From The AJC:
Knoxville — Wanna bet Mark Richt has Tennessee in his Top 25 now?
Actually, the more pertinent question is where will the Georgia coach, who left Tennessee off his ballot a week ago, put his team? Or where should anybody place Georgia?
If they watched the No. 12 Bulldogs (make that formerly No. 12 Bulldogs) fall face first on national TV, 35-14 to the unranked Vols (3-2, 1-1) in front of 107,052 fans at Neyland Stadium Saturday, the most likely answer might be the Sun Belt Conference.
Seriously, Sun Belt member Arkansas State, which scored 27 in Knoxville earlier this year, might have given Tennessee more of a challenge. This game was 28-0 before Georgia made its second first down.
And that's the main story. Not a column, the main story. The bolded line kind of made me want to stab myself in the chest with a fork. Where do I sign up for 8-4?
In college football, anything can happen. Look only to USC as proof on Saturday. They lost, at home, to a terrible Stanford team that was using a backup quarterback forced into his first start because the first stringer was having seizures.
So, yeah, things can get weird.
We're ridiculously young, and for my money undersized on defense. But the question is: Do we really have the young talent we thought, and is that talent getting coached up like it should?
We'll know for sure next year. For the moment we need to learn how to:
1. Block.
2. Tackle.
3. Cover. And by this, I mean at least be in the same zip code as the other team's wide receivers.
4. Matt Stafford needs to become accurate, but see No. 1 for a possible explanation on that one.
My buddy Joe said we looked hungover Saturday. Are the bars in Knoxville really that good? The Dawgs didn't look like they got drunk Friday night, they looked like me and my friends got drunk, then stole their uniforms.

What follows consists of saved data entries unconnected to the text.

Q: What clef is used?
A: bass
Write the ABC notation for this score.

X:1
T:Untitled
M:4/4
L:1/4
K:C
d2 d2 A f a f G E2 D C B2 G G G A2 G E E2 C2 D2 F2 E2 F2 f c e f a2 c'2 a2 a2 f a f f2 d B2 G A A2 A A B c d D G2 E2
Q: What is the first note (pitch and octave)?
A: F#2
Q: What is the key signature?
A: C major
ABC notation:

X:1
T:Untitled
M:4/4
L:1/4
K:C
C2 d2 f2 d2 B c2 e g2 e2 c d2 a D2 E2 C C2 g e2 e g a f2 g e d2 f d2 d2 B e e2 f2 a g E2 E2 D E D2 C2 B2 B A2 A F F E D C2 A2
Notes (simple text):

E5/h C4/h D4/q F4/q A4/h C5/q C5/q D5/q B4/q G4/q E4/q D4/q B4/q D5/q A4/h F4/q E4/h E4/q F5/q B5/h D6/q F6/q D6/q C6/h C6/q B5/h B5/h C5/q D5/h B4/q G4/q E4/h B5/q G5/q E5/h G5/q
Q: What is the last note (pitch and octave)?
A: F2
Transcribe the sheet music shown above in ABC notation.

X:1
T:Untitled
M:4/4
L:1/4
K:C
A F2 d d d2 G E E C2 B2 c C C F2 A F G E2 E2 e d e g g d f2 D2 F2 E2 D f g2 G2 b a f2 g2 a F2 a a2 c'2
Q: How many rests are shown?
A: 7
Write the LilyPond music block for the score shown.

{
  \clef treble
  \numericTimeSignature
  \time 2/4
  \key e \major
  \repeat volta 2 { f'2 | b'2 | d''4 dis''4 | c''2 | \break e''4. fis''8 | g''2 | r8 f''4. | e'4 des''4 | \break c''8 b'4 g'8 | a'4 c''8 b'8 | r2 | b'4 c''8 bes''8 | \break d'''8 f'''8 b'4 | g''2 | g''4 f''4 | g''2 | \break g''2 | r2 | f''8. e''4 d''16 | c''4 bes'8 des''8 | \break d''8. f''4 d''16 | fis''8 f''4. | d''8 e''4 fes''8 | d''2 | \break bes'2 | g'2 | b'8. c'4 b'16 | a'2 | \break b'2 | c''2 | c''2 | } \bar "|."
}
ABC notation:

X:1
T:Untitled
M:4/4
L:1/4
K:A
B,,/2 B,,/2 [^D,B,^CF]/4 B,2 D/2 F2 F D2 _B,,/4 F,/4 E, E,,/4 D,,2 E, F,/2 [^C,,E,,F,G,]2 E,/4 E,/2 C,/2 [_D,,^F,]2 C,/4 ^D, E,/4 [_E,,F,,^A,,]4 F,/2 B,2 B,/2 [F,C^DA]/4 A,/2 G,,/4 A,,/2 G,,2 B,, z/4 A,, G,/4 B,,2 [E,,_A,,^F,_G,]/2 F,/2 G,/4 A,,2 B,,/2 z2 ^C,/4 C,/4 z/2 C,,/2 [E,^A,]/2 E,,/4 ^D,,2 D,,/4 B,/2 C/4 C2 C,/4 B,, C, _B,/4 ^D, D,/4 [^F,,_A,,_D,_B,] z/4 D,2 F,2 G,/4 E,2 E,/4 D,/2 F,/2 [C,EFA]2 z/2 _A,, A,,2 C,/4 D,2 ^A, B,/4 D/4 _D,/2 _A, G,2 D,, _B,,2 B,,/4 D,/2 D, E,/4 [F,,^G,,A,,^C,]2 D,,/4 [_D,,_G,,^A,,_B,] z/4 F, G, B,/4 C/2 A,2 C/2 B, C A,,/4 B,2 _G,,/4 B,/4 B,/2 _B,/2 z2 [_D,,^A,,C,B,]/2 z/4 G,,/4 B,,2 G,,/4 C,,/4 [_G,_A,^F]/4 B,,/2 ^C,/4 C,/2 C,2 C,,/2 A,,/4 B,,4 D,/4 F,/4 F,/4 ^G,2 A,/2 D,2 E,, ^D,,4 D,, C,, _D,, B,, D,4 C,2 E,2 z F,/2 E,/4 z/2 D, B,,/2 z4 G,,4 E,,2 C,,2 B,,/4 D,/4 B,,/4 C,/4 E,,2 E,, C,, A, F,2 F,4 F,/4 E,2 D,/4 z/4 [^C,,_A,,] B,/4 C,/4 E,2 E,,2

Where was the meanness, the intimidation, the freaking pride? I took a nap during the second half. It was my second best decision of the day, just after not going to Knoxville to see this travesty in person.
Sigh.
Saturday was probably the worst loss of the Richt era, which I suppose is a positive. And we have the same SEC record as Florida, even if our losses are to all the wrong teams (SEC Eastern ones) and Florida hasn't looked like a bunch of girls wearing skirts.
I remember after one terrible loss of the Donnan era I heard Charles Grant on the post-game radio show.
"Come together like a family," he said.
That's really all you can do. And trust Coach Richt to right this ship. Forget the SEC. We were never good enough to win that this year anyway. Focus on beating Vanderbilt.
And, if that doesn't work, maybe we can hire Tim Tebow to run the program. I've got his cel number.
Finally, there is some comfort here:
Let us suppose that 2007 turns out to be as frustrating for Georgia fans as 2006. (We should remember that our definition of "disaster" has been upgraded considerably during the Mark Richt era; a 5-5-1 record in 1969 and a 5-5 record in 1970 generated much frustration in Bulldog Nation, which since has come to view a 9-4 campaign in 2006 followed by a 4-2 start in 2007 as cause for wailing and gnashing of teeth.)
If so, we may take some comfort in the knowledge that, in Coach Dooley's eighth season in 1971, the 'Dawgs rebounded to go 11-1. Georgia could do so again in Coach Richt's eighth season in 2008.
2 comments:
Your friend Joe would know the bars in Knoxville, wouldn't he?
What's the over and under on losses? If it's 4, I'll take the over. The Bulldogs look like Dogs this year.
They looked like drunken puppies Saturday.